JVM Host - Memory usage comparison of Java Application Servers and Applications - jvmhost
http://www.jvmhost.com/articles/memory-usage-comparison-of-java-application-servers-and-applications#.Tykao1hFKhc.hackernews
To give you an estimate of how many memory related resources you will need to run a Java application server or a Java application within Java Virtual Machine we tested some popular ones and are publishing results below. The survey will be updated as needed. As you start to access your application the memory usage will grow as dynamically created objects will be allocating memory from heap, classes previously unloaded can be loaded again and native code compilation may be taking place. The application servers are in pristine and idle state - installed and started within a JVM with JMX support. The same approach has been applied to applications. You can see high non-heap PermGen memory usage when you have number of classes loaded for example with a comprehensive framework like Grails. In such cases PermGen JVM limit tuning may be necessary (for example -XX:MaxPermSize=96m added to $JAVA_OPTS environment variable).
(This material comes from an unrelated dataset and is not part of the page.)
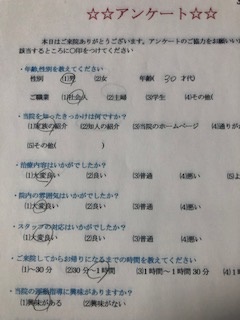  患者様の声 をいただきました。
At JVM Host we can change MaxPermSize on request...
======
kodablah
I don't understand whether they're testing simple servlet containers (where's
Resin, Winstone, Java 6's built-in web server, etc?) or entire J2EE stacks
(where's Resin, Geronimo, Jonas, etc?).

------
lukev
While interesting as a baseline, for any kind of informed decision you'd want
to look at this data while the application is under load.